Five-spice powder packs some serious aromatic punch; it’s all you need to season the chicken breasts here. You can sub broccoli florets or chopped kale for the green beans.
2 tablespoons canola oil, divided 4 (6-oz.) skinless, boneless chicken breasts 2 teaspoons five-spice powder 1/2 teaspoon kosher salt 3/4 cup thinly sliced red onion 1 1/2 teaspoons grated orange rind 2 garlic cloves, thinly sliced 1 (12-oz.) pkg. haricots verts (French green beans) 1 1/2 tablespoons reduced-sodium soy sauce 1/2 cup orange sections 4 teaspoons toasted sesame oil
How to Make It
Heat 1 tablespoon canola oil in an oven-safe skillet over medium-high. Sprinkle chicken with five-spice powder and salt. Add chicken to pan; cook 5 minutes on each side or until done. Remove from pan. Let stand 5 minutes. Cut across the grain into slices.

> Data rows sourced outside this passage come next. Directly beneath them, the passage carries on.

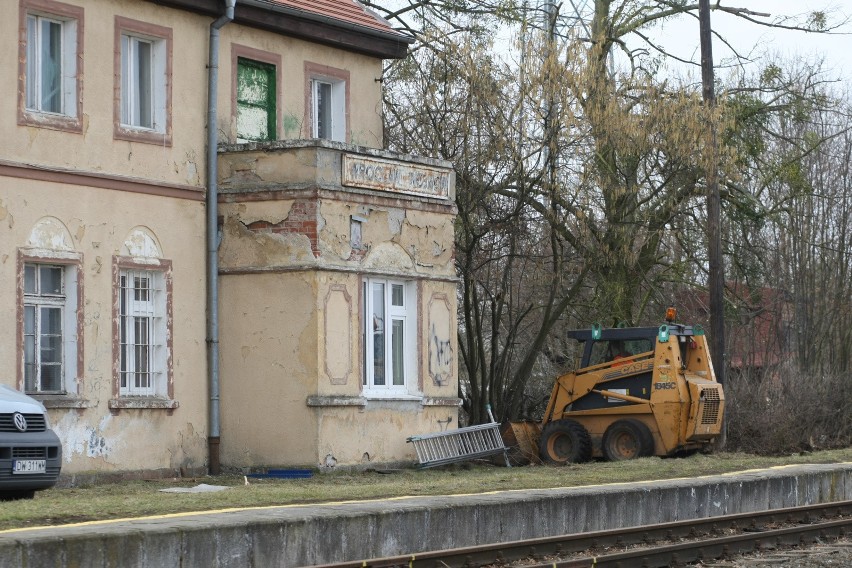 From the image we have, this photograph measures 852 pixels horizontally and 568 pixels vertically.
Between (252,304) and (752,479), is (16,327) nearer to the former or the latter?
(252,304)

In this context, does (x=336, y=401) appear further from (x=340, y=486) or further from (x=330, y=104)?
(x=330, y=104)

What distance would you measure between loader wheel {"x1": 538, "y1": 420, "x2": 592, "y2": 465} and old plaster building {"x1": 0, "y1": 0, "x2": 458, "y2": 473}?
312 cm

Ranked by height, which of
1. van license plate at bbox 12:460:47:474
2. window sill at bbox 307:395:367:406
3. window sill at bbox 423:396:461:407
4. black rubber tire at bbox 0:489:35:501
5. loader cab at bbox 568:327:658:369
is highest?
loader cab at bbox 568:327:658:369

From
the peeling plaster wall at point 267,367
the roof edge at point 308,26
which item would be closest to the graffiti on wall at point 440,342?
the peeling plaster wall at point 267,367

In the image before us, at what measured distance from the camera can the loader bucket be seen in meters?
25.2

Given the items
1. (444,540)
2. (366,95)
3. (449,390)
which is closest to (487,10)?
(366,95)

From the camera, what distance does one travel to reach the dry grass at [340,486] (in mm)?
12930

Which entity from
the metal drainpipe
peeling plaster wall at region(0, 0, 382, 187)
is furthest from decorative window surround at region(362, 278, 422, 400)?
peeling plaster wall at region(0, 0, 382, 187)

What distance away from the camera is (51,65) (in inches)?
721

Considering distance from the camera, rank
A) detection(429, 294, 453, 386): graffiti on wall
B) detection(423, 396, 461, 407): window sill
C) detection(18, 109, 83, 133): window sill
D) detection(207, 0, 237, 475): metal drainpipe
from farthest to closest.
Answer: detection(429, 294, 453, 386): graffiti on wall < detection(423, 396, 461, 407): window sill < detection(207, 0, 237, 475): metal drainpipe < detection(18, 109, 83, 133): window sill

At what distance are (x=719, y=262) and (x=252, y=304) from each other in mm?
8747

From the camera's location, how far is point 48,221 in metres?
18.0

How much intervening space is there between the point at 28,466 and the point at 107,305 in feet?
17.1

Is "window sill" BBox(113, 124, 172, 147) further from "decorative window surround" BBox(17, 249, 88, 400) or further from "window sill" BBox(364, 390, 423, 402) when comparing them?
"window sill" BBox(364, 390, 423, 402) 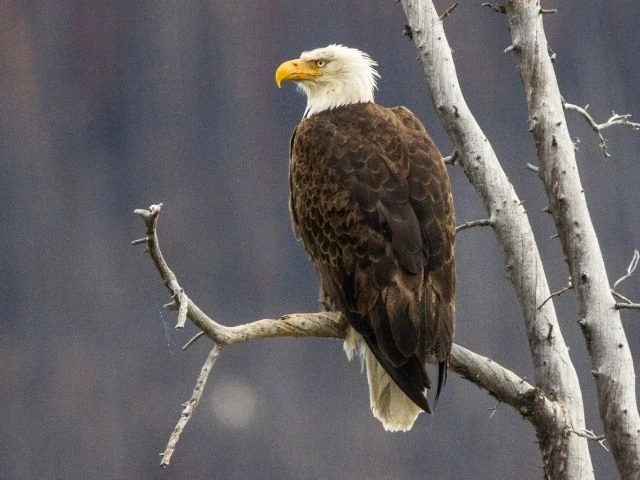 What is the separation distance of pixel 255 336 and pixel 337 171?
76 centimetres

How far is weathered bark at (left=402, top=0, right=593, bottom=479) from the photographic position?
338cm

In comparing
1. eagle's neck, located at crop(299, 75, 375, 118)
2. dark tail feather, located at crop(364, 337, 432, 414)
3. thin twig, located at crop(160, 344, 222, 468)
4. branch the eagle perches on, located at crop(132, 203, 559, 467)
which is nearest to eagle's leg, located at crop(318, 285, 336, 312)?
branch the eagle perches on, located at crop(132, 203, 559, 467)

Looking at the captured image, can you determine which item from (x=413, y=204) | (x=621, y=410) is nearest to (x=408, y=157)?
(x=413, y=204)

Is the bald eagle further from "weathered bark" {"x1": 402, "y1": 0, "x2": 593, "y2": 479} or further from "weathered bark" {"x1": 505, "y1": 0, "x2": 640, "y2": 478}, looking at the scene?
"weathered bark" {"x1": 505, "y1": 0, "x2": 640, "y2": 478}

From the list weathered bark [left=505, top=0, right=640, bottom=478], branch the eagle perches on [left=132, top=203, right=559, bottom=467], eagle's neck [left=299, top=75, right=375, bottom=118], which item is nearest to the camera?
branch the eagle perches on [left=132, top=203, right=559, bottom=467]

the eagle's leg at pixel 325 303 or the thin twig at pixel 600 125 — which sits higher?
the thin twig at pixel 600 125

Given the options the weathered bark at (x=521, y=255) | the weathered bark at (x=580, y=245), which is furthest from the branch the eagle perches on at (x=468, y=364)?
the weathered bark at (x=580, y=245)

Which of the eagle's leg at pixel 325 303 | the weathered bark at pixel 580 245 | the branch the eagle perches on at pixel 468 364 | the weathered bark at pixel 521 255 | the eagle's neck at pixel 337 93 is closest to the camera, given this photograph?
the branch the eagle perches on at pixel 468 364

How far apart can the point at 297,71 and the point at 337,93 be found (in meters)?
0.19

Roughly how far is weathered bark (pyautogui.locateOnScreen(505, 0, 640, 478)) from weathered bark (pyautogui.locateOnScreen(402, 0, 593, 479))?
0.14 meters

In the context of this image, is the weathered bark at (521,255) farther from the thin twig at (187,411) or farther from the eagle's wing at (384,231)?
the thin twig at (187,411)

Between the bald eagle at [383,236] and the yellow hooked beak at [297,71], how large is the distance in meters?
0.29

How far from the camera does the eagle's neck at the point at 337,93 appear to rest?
4.13m

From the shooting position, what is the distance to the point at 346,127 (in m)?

Add remaining 1 tablespoon canola oil to pan. Add onion; sauté 4 to 5 minutes or until browned. Add orange rind and garlic; cook 30 seconds, stirring constantly. Add haricots verts; cook 4 minutes or until lightly browned and crisp-tender. Stir in soy sauce. Top with orange sections, and drizzle with sesame oil. Serve with chicken.